Suppose I have some recurrent formula for probability:
$$f_k(t)=e_k(x_t)\sum_{i}f_i(t-1)p_{ik}. \tag{1}$$
Where $1 \leq i,k \leq N$ denote finite number of states, time $t \leq T$ is discrete and $x_t$ is some discrete observation value at time $t$.
The conditional probabilities $p_{ik}=P(\pi_t=k \mid \pi_{t-1}=i)$ and $e_k(x_t)=P(\text{observation}=x_t \mid \pi_{t}=k)$ doesn't depend on $t$ (I just used time in the notation.
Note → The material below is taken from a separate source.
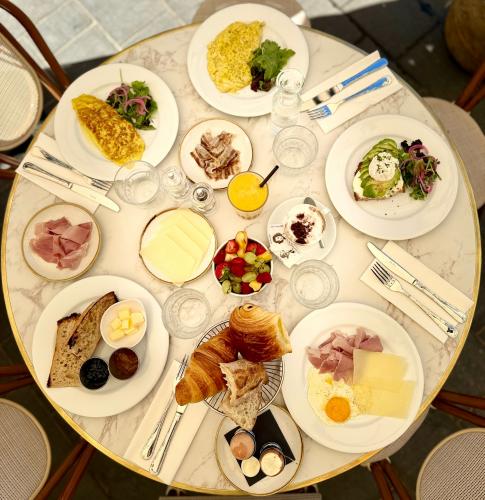 Hôtel du Centre - Breakfast platter - quality & healthy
These are transition probabilities of time-homogeneous Markov chain and probability of associated observation given the state of the chain).
$f_k(t)$ and $\sum_{k=1}^N f_k(t)$ are indeed probabilities ($<1$), I'm actually interested in $\sum_{k=1}^N f_k(T)$.
Now I want to generalize this formula to the continuous distributions.
Suppose that I have $T$ observations as before, but the state space and observations space are $\mathbb{R}$. I have two conditional probability density functions $p_{Y \mid Y'}(y \mid y' )$ and $e(x \mid y)$. Transitions (and observations) occur at some discrete times $t=1,...,T$.
I intend to compute the following:
$$f_t(y) = e(x \mid y)\int_{\mathbb{R}}f_{t-1}(y') p_{Y \mid Y'}(y \mid y' ) dy'$$
I think here $f$ tends to be something similar to density, integration over $\mathbb{R}$ should give me the probability I want:
$$\int_{\mathbb{R}}f_T(y)dy \leq 1. $$
However, direct computation gives me very big result $1e+226$. The apparent reason is: the density $p_{Y \mid Y'}(y \mid y' )$ has very big values and is integrated over $y'$, not $y$.
What can be wrong with this idea and what can I do to apply this approach to continuous state space?